##### Records to process

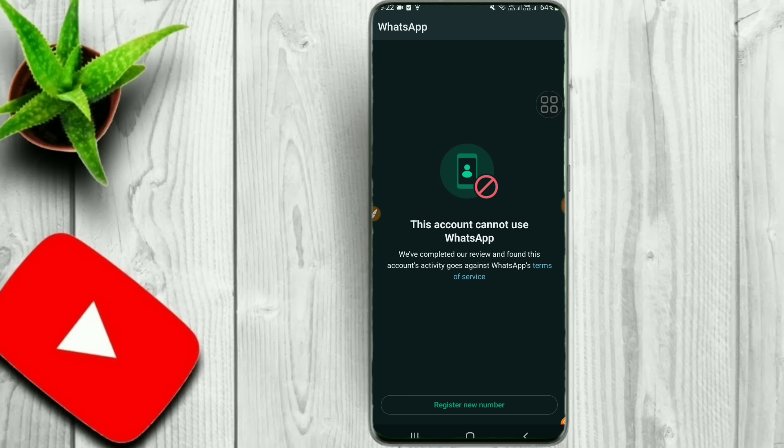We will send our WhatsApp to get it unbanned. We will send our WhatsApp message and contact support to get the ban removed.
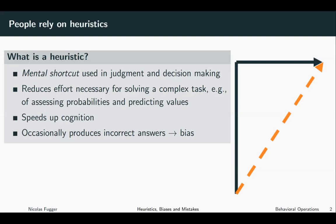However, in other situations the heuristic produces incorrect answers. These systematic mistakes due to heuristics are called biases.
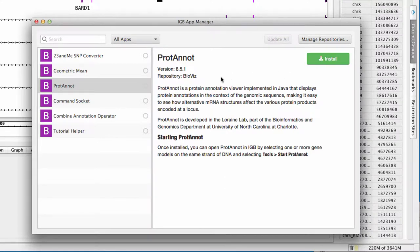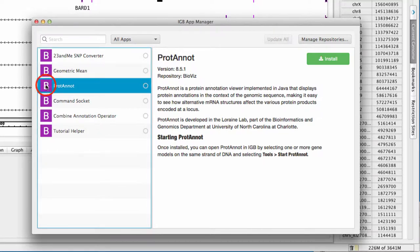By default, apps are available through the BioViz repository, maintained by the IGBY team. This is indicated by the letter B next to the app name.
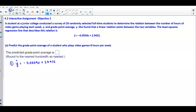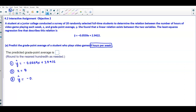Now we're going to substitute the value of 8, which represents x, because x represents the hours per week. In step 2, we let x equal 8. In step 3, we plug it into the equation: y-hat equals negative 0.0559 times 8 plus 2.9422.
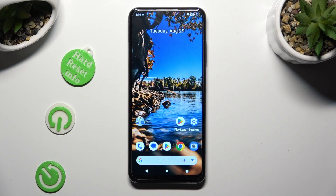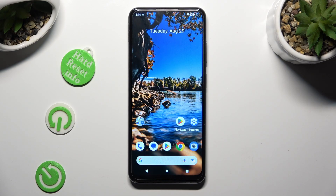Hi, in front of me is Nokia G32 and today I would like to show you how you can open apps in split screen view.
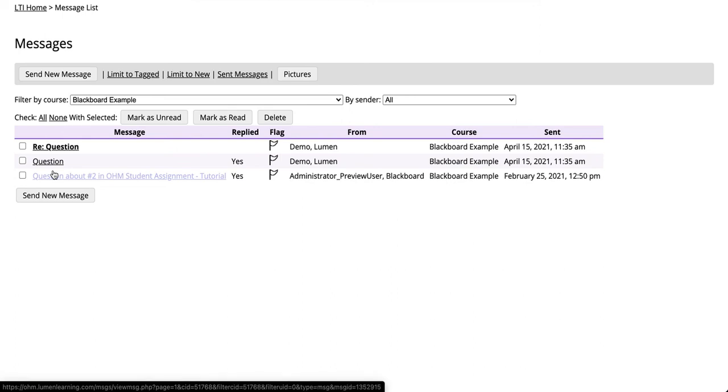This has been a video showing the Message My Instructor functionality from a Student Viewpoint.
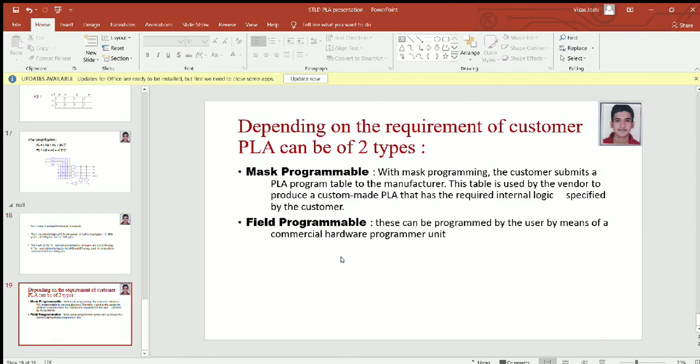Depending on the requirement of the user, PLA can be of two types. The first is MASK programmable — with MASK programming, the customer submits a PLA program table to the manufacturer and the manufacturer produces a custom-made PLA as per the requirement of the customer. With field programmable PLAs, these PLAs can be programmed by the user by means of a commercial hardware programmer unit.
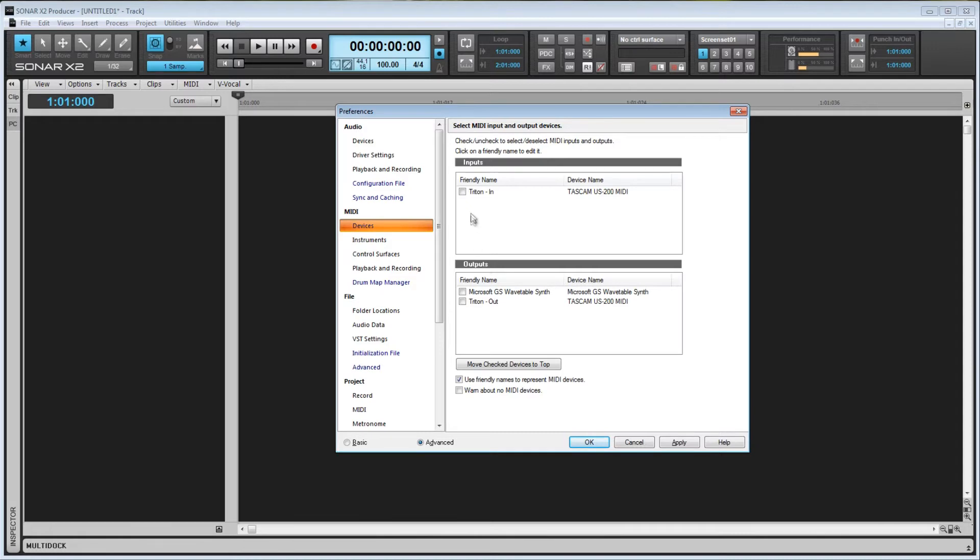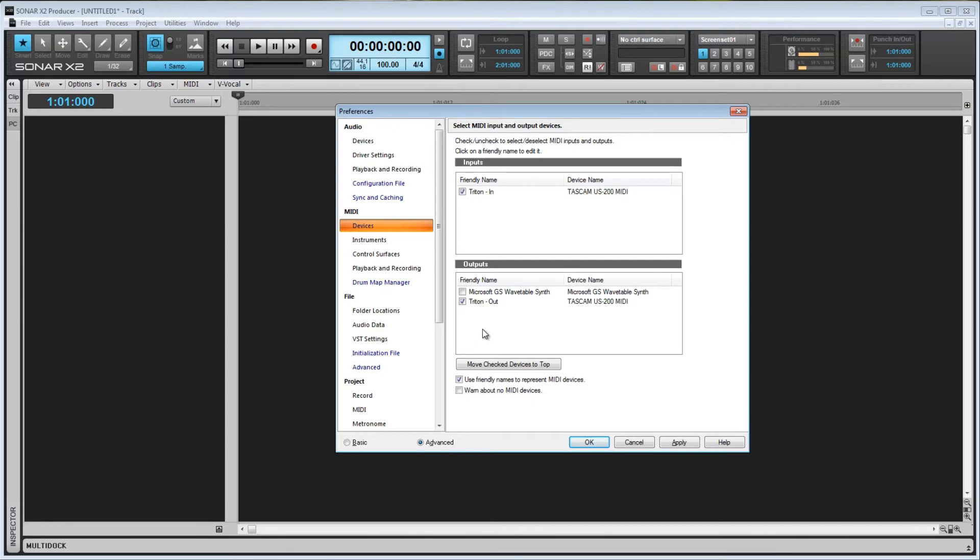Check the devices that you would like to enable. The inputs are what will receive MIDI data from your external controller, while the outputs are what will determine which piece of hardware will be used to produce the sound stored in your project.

##########

- [Task goal]:
Transcribe exactly, please, the lines between the start of the records above and the line holding "Now we're going", counting both of those lines and omitting pictures.

- [Exercise answer]:
We will send our WhatsApp to get it unbanned. We will send our WhatsApp message and contact support to get the ban removed.
However, in other situations the heuristic produces incorrect answers. These systematic mistakes due to heuristics are called biases.
By default, apps are available through the BioViz repository, maintained by the IGBY team. This is indicated by the letter B next to the app name.
Now we're going to substitute the value of 8, which represents x, because x represents the hours per week. In step 2, we let x equal 8. In step 3, we plug it into the equation: y-hat equals negative 0.0559 times 8 plus 2.9422.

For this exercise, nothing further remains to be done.